Jim, who had majored in psychology in college, said, “Honestly, I think he was nuts.”

When I pointed out that the word “nuts” could not be found in the Diagnostic and Statistical Manual of Mental Disorders book, he nevertheless insisted Fox was two eggs short of a dozen. Now, some 36 years later, I find myself agreeing. There is something nutty when we require others to be wrong so we can be right.

With a few exceptions, this mindset is endemic in religion. We can fill a stadium or win public office denouncing people of other faiths, when interfaith gatherings can’t fill a conference room at the Holiday Inn.

What is it about religion that makes our relationships so adversarial, so antagonistic? Can it be religion’s tendency to deal in absolutes, in certainties, which leaves little room for cooperation and mutuality?

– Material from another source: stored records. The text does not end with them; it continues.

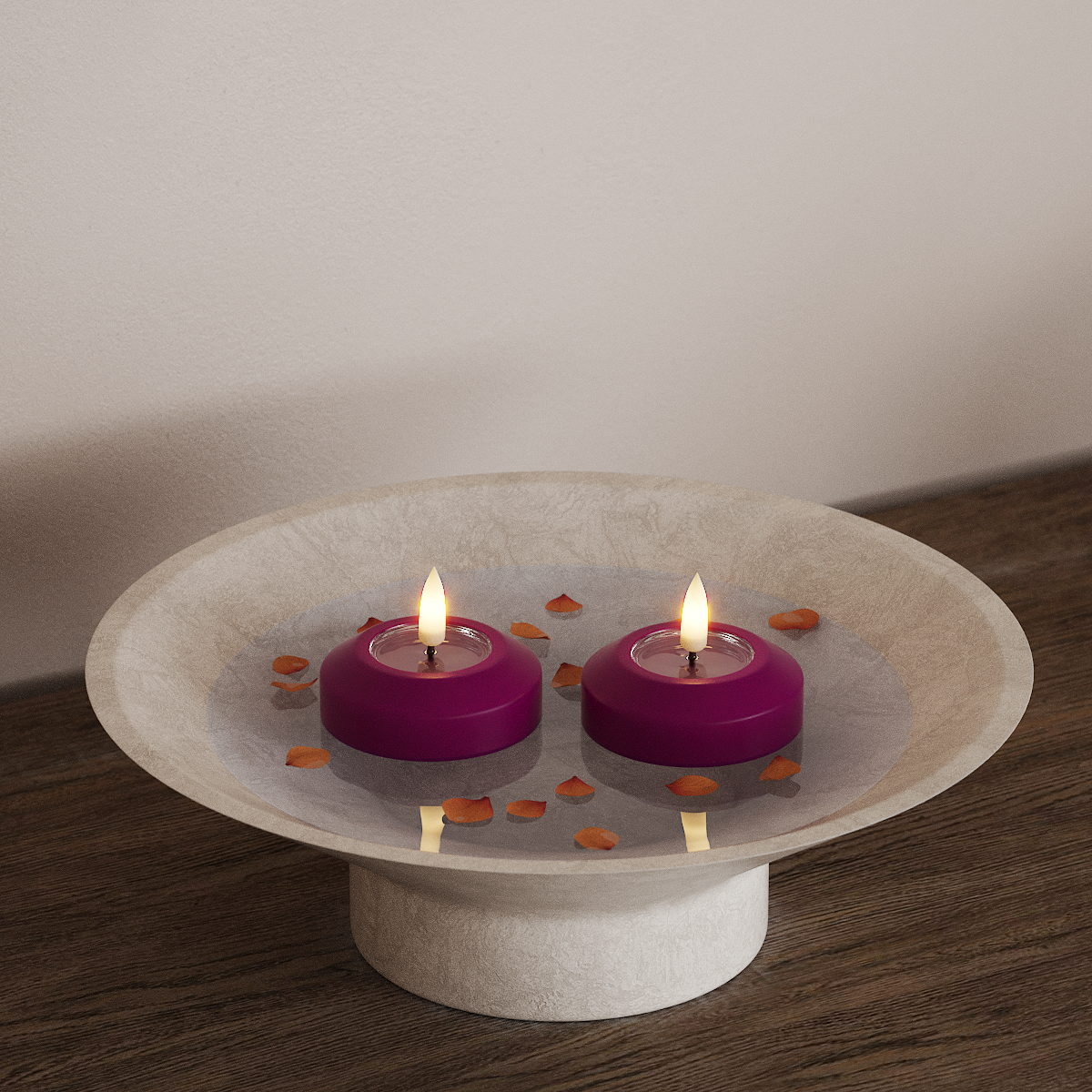 Deluxe Homeart LEDs Vela flutuante Ø 6,1 cm 2 peças Violeta LEDs Vela flutuante 3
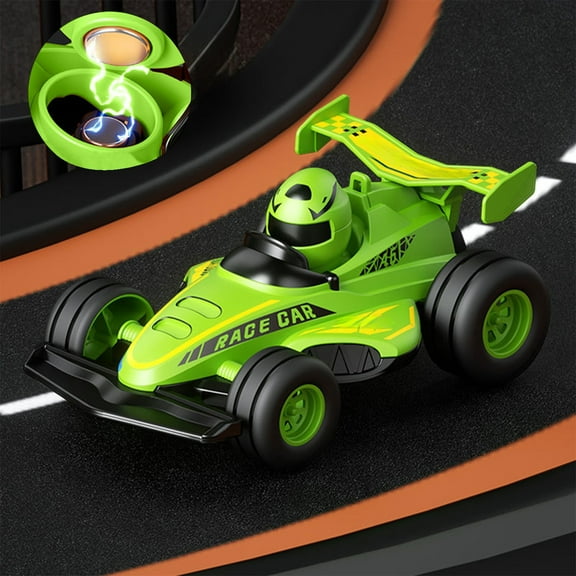 Loespoir Simulated Magnetic Attraction Racing Car, Magnetic Pull Toy Car, Mini Street Vendor Car, For Children's Pretend Play, Small Toy Collection, Race Track Fun(Green)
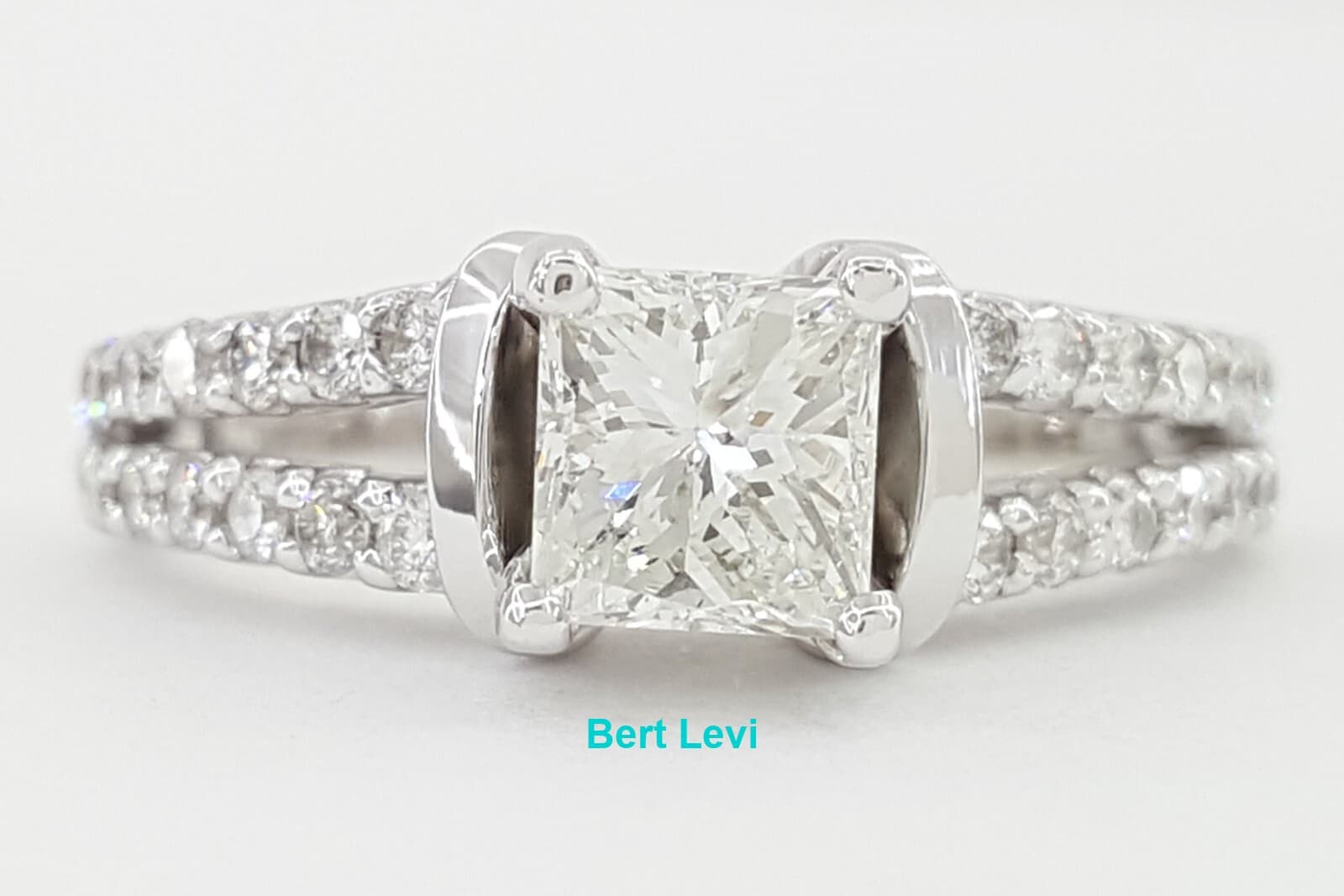 Princess Brilliant Cut Diamond Split Shank Engagement Ring 1.25 ct Retail $2,995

Here’s what I’ve been thinking: If religion is the vehicle for our moral growth, and that is what most religions claim to be, the arbiter of morality. We embrace that role. We took our children to church so they could learn a moral code. So if religion is the means by which we morally evolve, doesn’t it stand to reason that religion itself should morally evolve by growing out of its sectarian, absolutist tendencies and move toward a more tolerant humanism? What would this look like? Perhaps like this. We would no longer have as our goal the pleasing of God, whom we cannot see, whom no one has ever seen, but instead would have as our goal the betterment of our fellow humans, whom we do see and experience every day of our lives. If this were our goal, religion would no longer be adversarial, but cooperative. We would not concern ourselves with the perceived errors and heresies of others, but would keep an eye peeled for beauty and truth wherever they were found, with no regard for their origins.

I have little interest in any religion whose chief goal is the triumphant conquest of other faiths. Such religions will be the death of us all. But I am very interested in any social movement that fosters and promotes mutuality, compassion, and our ethical evolution. I’ll tell you what I believe. I believe God is not found in our ultimatums, in our final and uncompromising assertions, but in our curiosity, in our wonder, in our heartfelt desire to learn not just from those who most resemble us, but especially from those who don’t.